Distribution Watch: Gentoo Linux 1.2: Getting Better Every Day - page 4
Back in the Saddle with Gentoo
Once I get the system installed and booted, I can go on to configure my desktop. I click on Gentoo's Linux Desktop Configuration Guide and kind of follow the instructions. While the person who wrote them prefers KDE, I prefer GNOME, so I type emerge --pretend gnome to get a glimpse of just how much work my machine needs to do at this point. It's a lot, as suggested. But, well, I do kinda like to have a GUI available so I type emerge gnome and then go do something else for a while.

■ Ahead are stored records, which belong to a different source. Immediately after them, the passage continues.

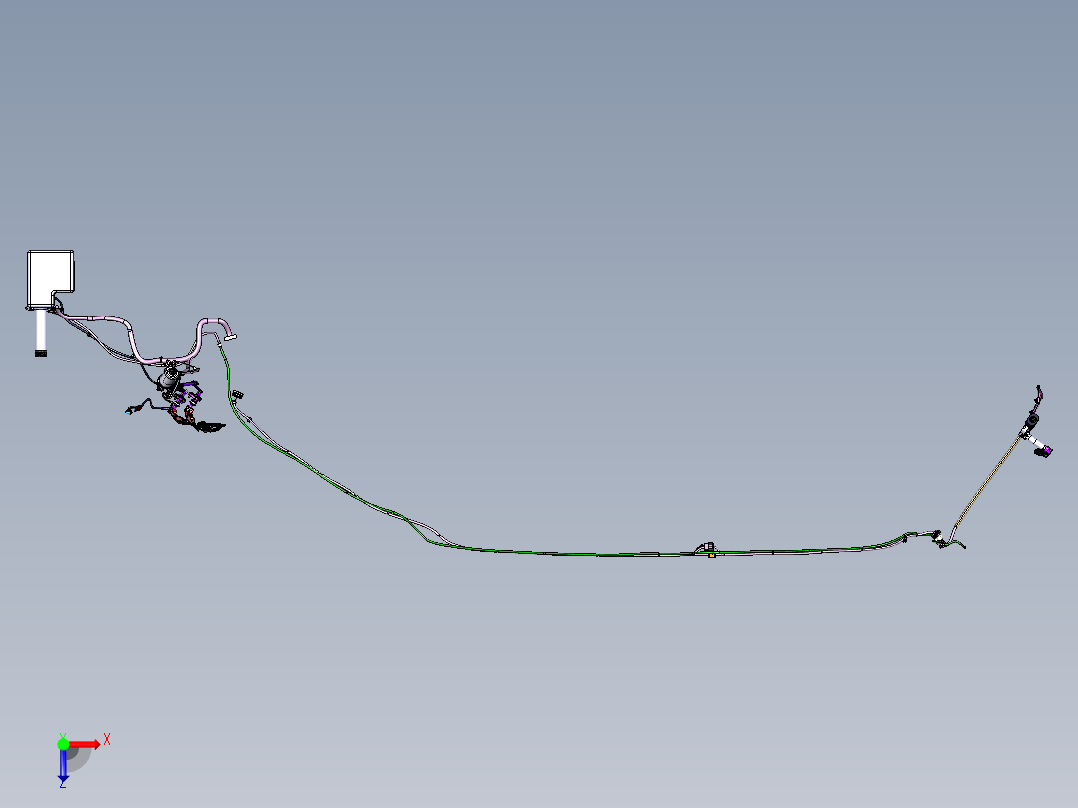 汽车前后雨刮系统及风窗清洗系统3D俯视图
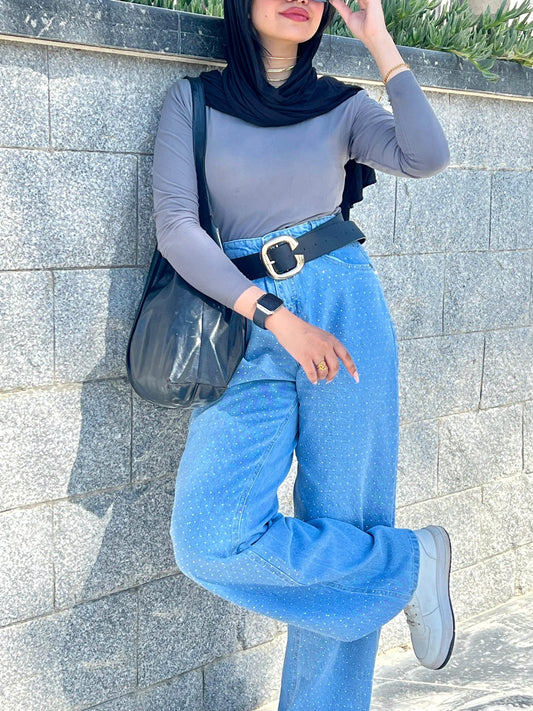 Strass Studded Jeans Pants Medium Blue OBS-350B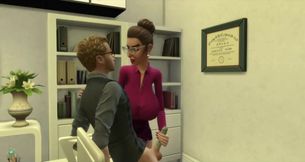 Mature Shemale Secretary Destroys Boss in HD Cartoon Futa Action
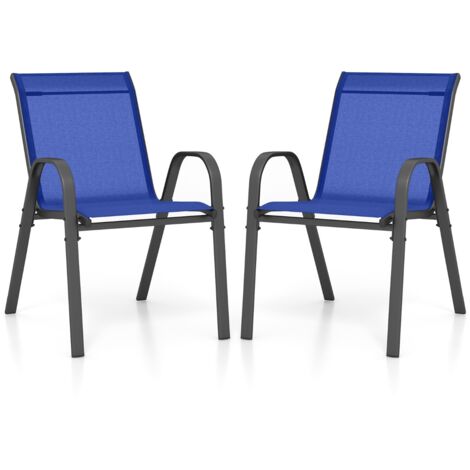 Set 2 sedie patio impilabili metallo braccioli Sedie pranzo tessuto traspirante Blu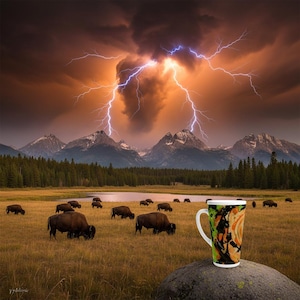 May include: A tall white coffee mug with a colorful abstract design featuring orange, green, and black accents, resting on a large rock. The background shows a herd of bison grazing in a field with mountains, a lake, and a dramatic lightning storm.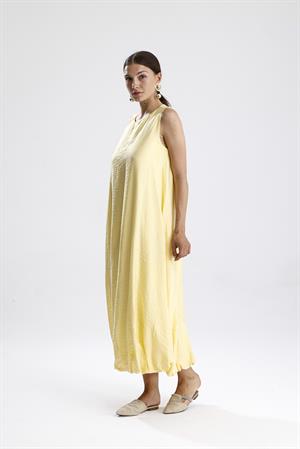 Sıfır Kol Balon Etekli Elbise - Sarı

The configuration phase in many ways is like the installation phase. Emerge this, emerge that, and do a bunch of stuff by hand that you're used to being able to gloss over with handy dandy tools; for example, Gentoo makes us configure X by hand. But that's okay, this distribution's for developers. What I find ironic about that is that all of the compiling is so easy that us non-developers get through that without a problem, but building a Linux system manually doesn't seem to me so much a developer thing.
I'm not complaining! It's just an observation. The power in Gentoo is that with Portage, the developer can have various parts of the filesystem set up with compilation defaults that make life a whole lot easier while creating new software. That doesn't really come out in a basic installing and configuring discussion.